Jean Luc Balligand, Dan Ungureanu-Longroisi, William W. Simmons, David Pimental, Tadeusz A. Malinski, Matthias Kapturczak, Ziad Taha, Charles J. Lowenstein, Amy J. Davidoff, Ralph A. Kelly, Thomas W. Smith, Thomas Michel

Research output: Contribution to journalArticle

Abstract

Cellular constituents of heart muscle contain both constitutive and inducible nitric oxide (NO) signaling pathways that modulate the contractile properties of cardiac myocytes. The identities of the inducible NO synthase (iNOS) isoform(s) expressed in cardiac muscle, and of the specific cell types expressing iNOS activity, remain poorly characterized. We amplified a 217-base pair cDNA by reverse transcriptase-polymerase chain reaction from primary cultures of inflammatory cytokine-pretreated adult rat ventricular myocytes (ARVM) that was nearly identical to other iNOS cDNA sequences. Using this 217-base pair cDNA as a probe in Northern blots, we found no evidence of iNOS mRNA in control myocytes, but both interleukin-1β and interferon-γ individually increased iNOS mRNA abundance in primary cultures of ARVM, with maximal expression at 12 h.

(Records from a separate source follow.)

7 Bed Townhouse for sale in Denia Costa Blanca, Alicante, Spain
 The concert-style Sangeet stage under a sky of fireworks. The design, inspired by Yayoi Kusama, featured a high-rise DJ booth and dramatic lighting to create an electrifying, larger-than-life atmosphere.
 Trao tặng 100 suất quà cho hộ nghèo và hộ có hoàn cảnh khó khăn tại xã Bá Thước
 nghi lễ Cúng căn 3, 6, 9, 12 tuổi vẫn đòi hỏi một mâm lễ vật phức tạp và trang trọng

The half-life of iNOS mRNA in actinomycin C1-treated cells was 4 h. Both dexamethasone and transforming growth factor-β attenuated the induction of iNOS mRNA abundance and enzyme activity by IL-1β and INFγ. Pretreatment with dexamethasone also abolished the induction of iNOS mRNA, but not the increase in GTP cyclohydrolase mRNA in purified cardiac myocytes from lipopolysaccharide-injected rats. In order to further characterize the specific cell type producing NO, we used a NO-specific porphyrinic/Nafion-coated microsensor to record NO release from a single, isolated ARVM pretreated with IL-1β and IFNγ in L-arginine-depleted medium. NO release could be detected following microinjection of L-arginine in the vicinity of the cell juxtaposed to the NO microsensor, but not following microinjection of D-arginine, and not from ARVM pretreated with L-N-monomethylarginine. Cytokine-pretreated ARVM that had been maintained in L-arginine-depleted medium also exhibited a depressed contractile response to isoproterenol after addition of L-arginine, but not o-arginine. These results indicate that altered contractile function of cardiac myocytes following exposure to specific inflammatory cytokines is due to induction of myocyte iNOS.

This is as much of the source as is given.